I can also vividly remember my first research supervisor explaining to the new intake of students how research worked, how lab books needed to be kept but above all his view on keeping abreast of literature:
"You need to spend half a day each week, reading all the new journals that have come in".
That statement dates me. For half the people reading I would guess that it is totally incomprehensible on at least two levels. How could you read that much? And who ever leafed through the pages of a journal? For the other half I would guess it raises a nostalgia for the days when it was possible to do just that, when perhaps there was time to dedicate half a day or more to keeping up with the literature and when it involved the pleasant task of sitting in a quiet space, paging through the 10 or 20 new issues that might have come in.
I went from this, somewhat cozy world, into a PhD at the Australian National University and the world started to change. Over the course of my PhD the web became central to doing research. Going to the library went from the weekly excursion to an occasional trip. Paging through journals changed to clicking through emailed tables of contents and as that became untenable shifted to search. Medline had appeared online and this changed the game for someone in the biological sciences. The year I started my PhD was the year the E. coli genome was released (not the year it was published incidentally, that waited until 1996  but the sequence was available). I remember having to manually change the memory allocation for Netscape Navigator so we could download it.
The world had changed, papers were available online, email was now essentially ubiquitous within the university and data was becoming more and more readily available online, as the PDB and human genome projects lead the way in pushing data into publicly accessible repositories. But at the same time not much had changed, in fact not much has still changed another fifteen years later. The PDF, the version of the paper everyone seems to want was still (mostly!) a dead document. It was just a digital dead document rather than a paper one. The business models hadn't shifted that much. The attitudes and culture of academics hadn't really changed with the media and the wider public still often held in suspicion or even contempt. Yet at the same time big changes were afoot, changes that we are still struggling to work through today.
In retrospect I probably did the wrong PhD. I went to a lab trying to do something wildly, excitingly, and perhaps naively, ambitious. I didn't get the experience of working in a lab that churns out papers, that has that well-oiled machine running and that remains a hole in my experience. A good PhD delivers both experience and a good set of papers that can then provide a bit of a cushion as a researcher explores more ambitious and speculative postdoctoral projects. But in 1999 it was still possible to apply for fellowships and postdocs with only a single paper without being laughed at. I was lucky enough to get a Wellcome Trust fellowship and then 14 months later I got a lectureship position at the University of Southampton.

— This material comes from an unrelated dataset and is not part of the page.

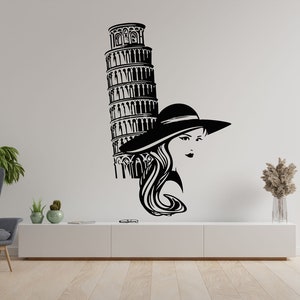 Sticker mural Pise, art mural Pise, Sticker mural Colisée, lettre en vinyle, Sticker ville, Sticker amoureux d'Italie, Sticker mural Italie, Sticker carte d'Italie CY0024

The next five or six years was full of extremes. I got my first grant but it, again, was really too ambitious. Again that lack of experience was playing out. I was involved in some big projects, some parts of which worked well, some parts of which did not. In amongst all of this I'd jumped at the option of applying for some BBSRC funding in the e-science area, working on developing a laboratory notebook system with Jeremy Frey's group. My motivation in doing this was purely selfish. I wanted to raise some money to support a PhD student. However looking back at that proposal now I had at some level seen that there was a problem of data sharing. The area I was working in, directed evolution, had a lot of papers, a lot of positive results but no theory, no real understanding of how things worked at an abstract level. There simply wasn't any data to help build the models that would predict how to do the experiments so people just did lots of experiments, reporting the ones that worked. The idea of our project was to provide a framework to enable people to share data, particularly data around unsuccessful experiments to support the development of a theoretical framework for the field.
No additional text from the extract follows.